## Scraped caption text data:
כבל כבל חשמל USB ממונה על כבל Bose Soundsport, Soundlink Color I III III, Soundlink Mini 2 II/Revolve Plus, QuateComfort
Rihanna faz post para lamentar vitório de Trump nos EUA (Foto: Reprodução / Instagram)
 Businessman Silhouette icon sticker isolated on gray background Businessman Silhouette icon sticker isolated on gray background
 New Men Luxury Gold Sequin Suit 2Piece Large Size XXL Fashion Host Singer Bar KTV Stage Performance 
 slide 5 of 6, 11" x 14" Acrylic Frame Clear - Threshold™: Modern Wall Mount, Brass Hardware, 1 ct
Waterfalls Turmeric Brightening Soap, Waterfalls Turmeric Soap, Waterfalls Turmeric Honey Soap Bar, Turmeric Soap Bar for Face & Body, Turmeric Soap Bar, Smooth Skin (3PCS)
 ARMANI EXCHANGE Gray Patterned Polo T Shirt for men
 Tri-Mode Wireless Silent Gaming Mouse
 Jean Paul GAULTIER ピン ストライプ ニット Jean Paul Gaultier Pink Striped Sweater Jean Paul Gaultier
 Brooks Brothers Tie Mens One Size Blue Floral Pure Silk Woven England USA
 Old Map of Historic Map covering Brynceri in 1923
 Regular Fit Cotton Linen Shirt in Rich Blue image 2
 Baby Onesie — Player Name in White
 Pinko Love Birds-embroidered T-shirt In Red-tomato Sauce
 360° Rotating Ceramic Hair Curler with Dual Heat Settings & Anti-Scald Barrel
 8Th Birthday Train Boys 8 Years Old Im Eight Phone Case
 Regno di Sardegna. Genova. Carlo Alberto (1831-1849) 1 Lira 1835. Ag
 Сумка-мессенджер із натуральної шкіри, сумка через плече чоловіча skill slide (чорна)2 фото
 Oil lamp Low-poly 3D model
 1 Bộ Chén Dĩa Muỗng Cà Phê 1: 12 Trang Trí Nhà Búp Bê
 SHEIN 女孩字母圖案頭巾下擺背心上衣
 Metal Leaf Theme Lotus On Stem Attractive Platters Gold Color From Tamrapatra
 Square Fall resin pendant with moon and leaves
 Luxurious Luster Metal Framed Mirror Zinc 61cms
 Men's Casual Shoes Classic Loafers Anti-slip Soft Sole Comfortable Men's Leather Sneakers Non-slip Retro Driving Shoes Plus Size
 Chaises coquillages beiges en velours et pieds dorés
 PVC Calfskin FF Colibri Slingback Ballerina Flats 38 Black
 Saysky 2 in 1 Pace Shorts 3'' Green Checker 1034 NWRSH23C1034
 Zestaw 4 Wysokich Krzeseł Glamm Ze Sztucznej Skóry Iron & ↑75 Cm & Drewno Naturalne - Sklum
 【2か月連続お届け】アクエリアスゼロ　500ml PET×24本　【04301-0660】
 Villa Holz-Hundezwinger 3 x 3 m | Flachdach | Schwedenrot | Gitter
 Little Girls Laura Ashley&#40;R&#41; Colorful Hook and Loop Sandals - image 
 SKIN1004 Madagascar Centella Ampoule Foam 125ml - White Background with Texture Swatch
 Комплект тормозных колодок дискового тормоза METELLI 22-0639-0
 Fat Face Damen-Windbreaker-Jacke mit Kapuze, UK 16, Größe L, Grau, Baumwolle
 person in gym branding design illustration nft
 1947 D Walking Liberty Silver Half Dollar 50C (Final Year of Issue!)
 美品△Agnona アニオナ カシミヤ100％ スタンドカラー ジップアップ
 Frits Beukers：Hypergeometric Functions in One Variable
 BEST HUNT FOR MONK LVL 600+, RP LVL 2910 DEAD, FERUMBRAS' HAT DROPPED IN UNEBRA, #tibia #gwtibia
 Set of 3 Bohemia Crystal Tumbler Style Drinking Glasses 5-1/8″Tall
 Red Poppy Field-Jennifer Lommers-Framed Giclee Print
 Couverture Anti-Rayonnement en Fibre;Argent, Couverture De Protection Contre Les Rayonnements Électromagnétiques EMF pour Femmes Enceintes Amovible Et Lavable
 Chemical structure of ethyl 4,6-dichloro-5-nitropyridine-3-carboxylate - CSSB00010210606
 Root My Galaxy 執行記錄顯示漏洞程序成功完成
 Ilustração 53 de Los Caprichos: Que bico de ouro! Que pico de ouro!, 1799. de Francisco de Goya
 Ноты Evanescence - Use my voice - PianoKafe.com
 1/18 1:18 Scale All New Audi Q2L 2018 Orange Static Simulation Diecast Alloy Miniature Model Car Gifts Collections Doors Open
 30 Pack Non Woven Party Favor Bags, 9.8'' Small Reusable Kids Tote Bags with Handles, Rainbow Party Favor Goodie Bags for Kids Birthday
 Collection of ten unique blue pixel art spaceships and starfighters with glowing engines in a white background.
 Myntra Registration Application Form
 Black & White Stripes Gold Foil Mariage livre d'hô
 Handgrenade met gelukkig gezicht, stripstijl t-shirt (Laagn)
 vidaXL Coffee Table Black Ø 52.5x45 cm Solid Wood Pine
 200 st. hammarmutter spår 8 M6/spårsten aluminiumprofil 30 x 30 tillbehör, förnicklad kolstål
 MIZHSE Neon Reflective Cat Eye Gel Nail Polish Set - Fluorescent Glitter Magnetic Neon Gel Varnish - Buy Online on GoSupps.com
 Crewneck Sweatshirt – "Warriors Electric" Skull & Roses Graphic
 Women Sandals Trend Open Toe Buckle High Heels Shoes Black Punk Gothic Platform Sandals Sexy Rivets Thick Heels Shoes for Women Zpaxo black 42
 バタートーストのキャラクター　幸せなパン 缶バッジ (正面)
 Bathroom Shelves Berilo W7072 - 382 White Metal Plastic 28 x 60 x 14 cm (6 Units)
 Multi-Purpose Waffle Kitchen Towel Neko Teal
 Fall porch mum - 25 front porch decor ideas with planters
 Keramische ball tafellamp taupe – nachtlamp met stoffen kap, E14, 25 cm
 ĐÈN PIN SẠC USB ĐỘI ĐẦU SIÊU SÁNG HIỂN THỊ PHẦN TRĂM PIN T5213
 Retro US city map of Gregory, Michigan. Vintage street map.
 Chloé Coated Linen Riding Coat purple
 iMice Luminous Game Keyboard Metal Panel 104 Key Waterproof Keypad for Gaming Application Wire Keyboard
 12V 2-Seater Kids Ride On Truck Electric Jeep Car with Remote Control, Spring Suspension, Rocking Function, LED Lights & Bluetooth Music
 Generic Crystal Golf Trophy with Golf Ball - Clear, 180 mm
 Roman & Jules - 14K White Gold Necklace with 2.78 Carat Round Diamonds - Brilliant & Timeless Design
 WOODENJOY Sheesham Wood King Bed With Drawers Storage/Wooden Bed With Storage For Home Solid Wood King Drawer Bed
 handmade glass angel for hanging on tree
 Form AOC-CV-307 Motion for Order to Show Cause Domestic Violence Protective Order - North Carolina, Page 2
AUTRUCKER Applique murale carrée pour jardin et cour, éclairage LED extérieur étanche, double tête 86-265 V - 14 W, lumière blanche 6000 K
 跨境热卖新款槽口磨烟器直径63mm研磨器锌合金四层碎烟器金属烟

## REQUIRED WORK:
For the entries above, state how many lines contain the word "Framed". Provide the number by itself.

## ANSWER FOR THE TASK:
2